I must say though that this is high quality filmmaking of the blockbuster kind and it’s very hard not to like it. Perhaps, I’m asking too much but despite all the stellar work from the whole cast and technical crew I just didn’t connect with this one totally. I mean, I like Andrew Garfield as an actor but feel he’s better as a dramatic actor than cheeky superhero. My choice would’ve been Joseph Gordon Levitt but perhaps he’s too old now.  Anyway, Emma Stone is stunning and so good in this while Dane DeHaan, Paul Giamatti and Jamie Foxx are all excellent but spread far too thin across the narrative.  DeHaan and Foxx especially deserved much better for their respective energies and ability. Foxx is an Oscar winner goddamit!!  And if you want to see what DeHaan can do then please watch Chronicle (2012) an amazingly good anti-superhero film and the best found-footage film I’ve ever seen.

There’s a lot of story in this sequel dubbed The Rise of Electro.  In fact it has more lines than Tony Montana’s big mahogany desk at the end of Scarface. We have Peter Parker’s on-off romance (yawn!) with gorgeous Gwen Stacy; the mysterious disappearance of his parents (again); his reconnection with school friend Harry Osborn; attempting to keep his Spiderman identity secret from Aunt May (again); and the main foe — lowly Max Dillon — Electro causing New York an energy bill that would make Bill Gates weep.   Alas, the romantic stuff takes a huge chunk out of the other more interesting stories and the action I craved.
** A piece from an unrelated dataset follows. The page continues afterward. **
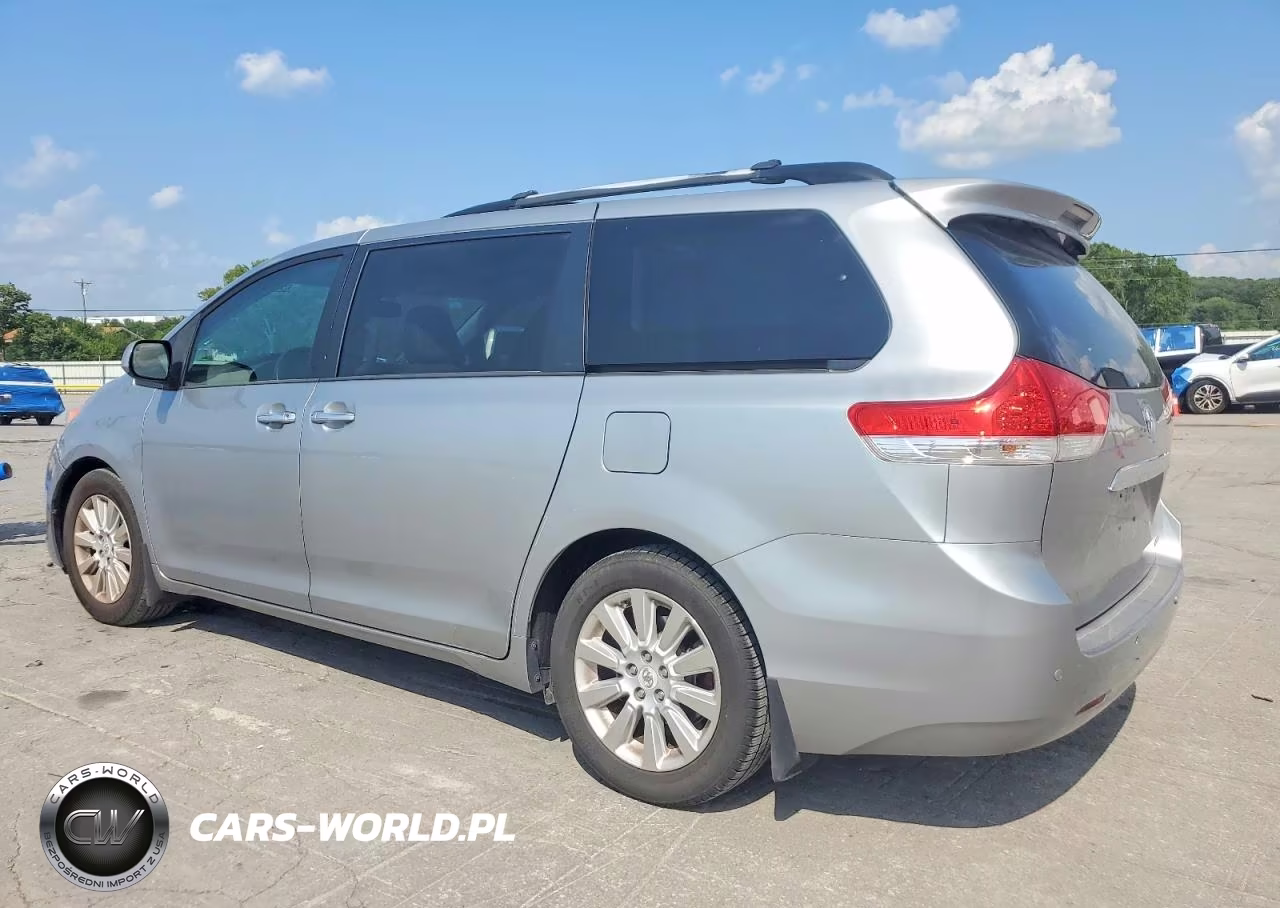 2012 Toyota Sienna Limited 7-Passenger VIN:5TDYK3DC9CS267447 - 3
I cannot fault the screenwriting team for their effort by trying to entertain the audience but at times I felt overwhelmed as each storyline was elbowed out of the way by the next one; with the narrative jigsaw not quite joining together satisfactorily as a whole. I really wanted to get involved in Max Dillon’s story as a lowly downtrodden OsCorp operative but his origins story isn’t given much time.  As a villain there isn’t much focus other than he idolises Spiderman.  I mean what happened to the vengeful employee as motivation?  I really wanted this humble man to cause even more havoc than he does but he’s imprisoned for some time after his capture.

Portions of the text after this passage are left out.